== Segment start ==
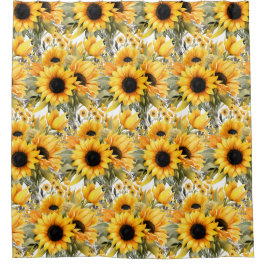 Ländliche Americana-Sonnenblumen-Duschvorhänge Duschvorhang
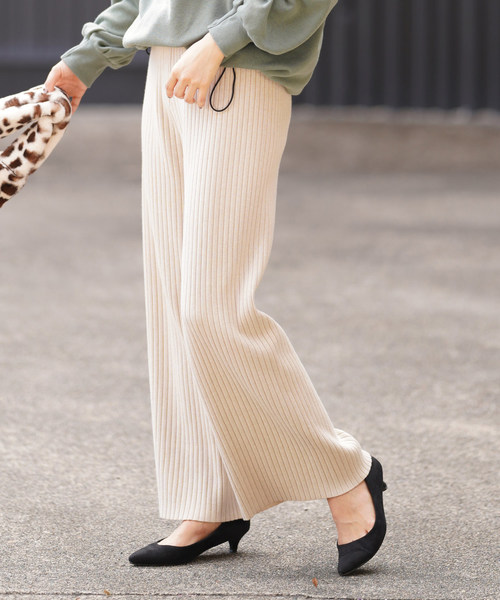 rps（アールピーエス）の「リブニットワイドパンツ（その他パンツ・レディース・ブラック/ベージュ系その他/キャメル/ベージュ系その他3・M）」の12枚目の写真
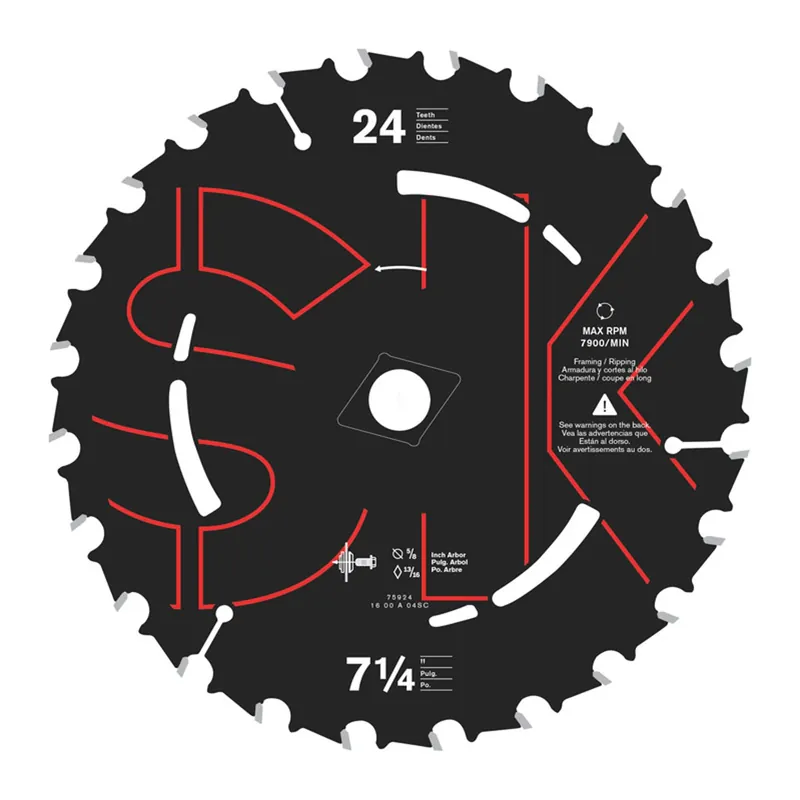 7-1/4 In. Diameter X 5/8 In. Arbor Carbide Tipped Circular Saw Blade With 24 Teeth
== Segment end ==
== Segment start ==
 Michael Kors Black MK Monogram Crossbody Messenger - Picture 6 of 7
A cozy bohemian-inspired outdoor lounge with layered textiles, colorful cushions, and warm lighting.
== Segment end ==
== Segment start ==
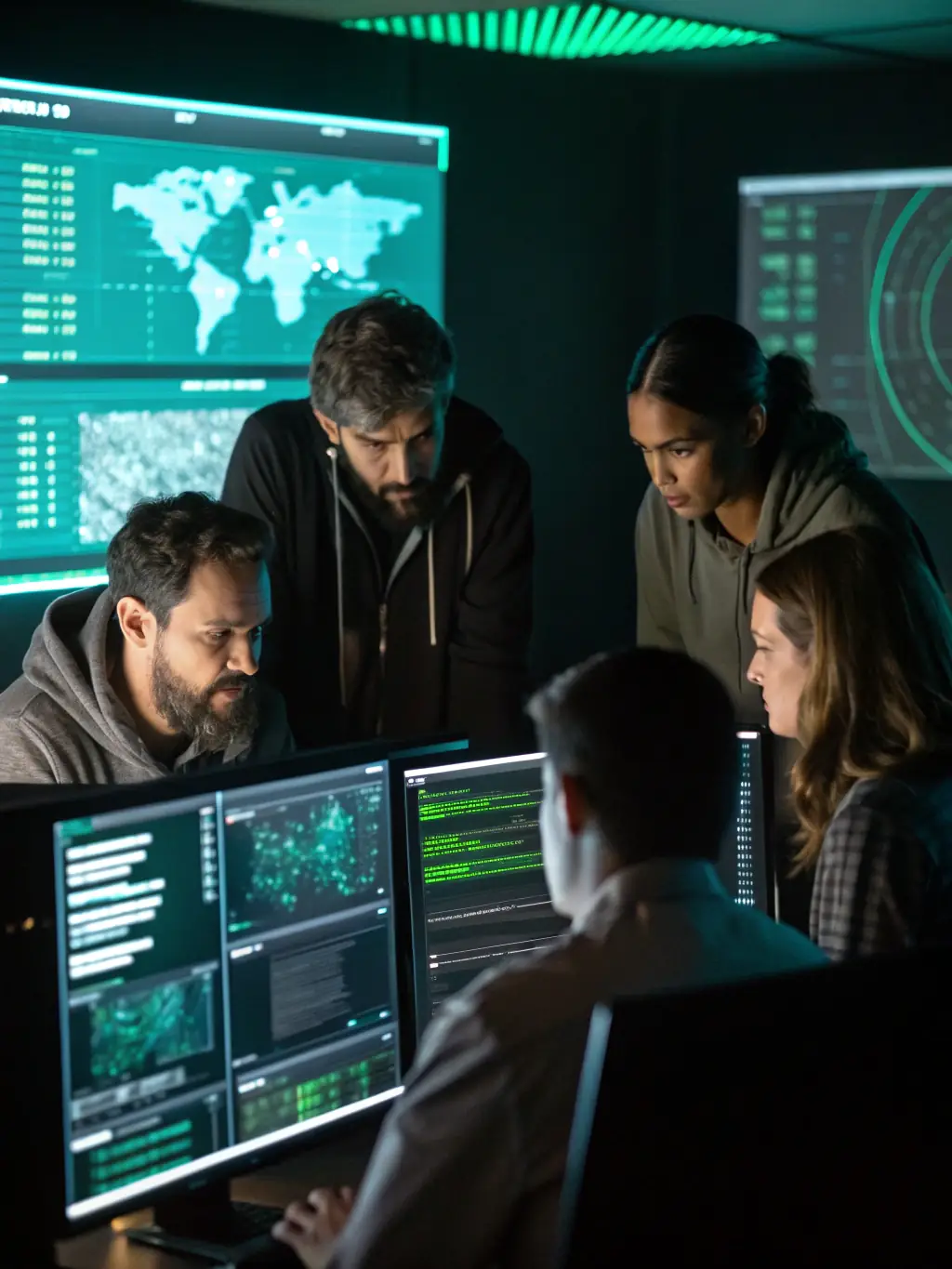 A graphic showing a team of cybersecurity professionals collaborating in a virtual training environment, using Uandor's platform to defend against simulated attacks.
== Segment end ==
**WORK INSTRUCTIONS**
The line holding "Ländliche Americana-Sonnenblumen-Duschvorhänge Duschvorhang" starts the copy and the line holding "7-1/4 In. Diameter" ends it. Repeat those two lines above and all between them exactly, leaving out pictures.

**OUTPUT**
 Ländliche Americana-Sonnenblumen-Duschvorhänge Duschvorhang
 rps（アールピーエス）の「リブニットワイドパンツ（その他パンツ・レディース・ブラック/ベージュ系その他/キャメル/ベージュ系その他3・M）」の12枚目の写真
 7-1/4 In. Diameter X 5/8 In. Arbor Carbide Tipped Circular Saw Blade With 24 Teeth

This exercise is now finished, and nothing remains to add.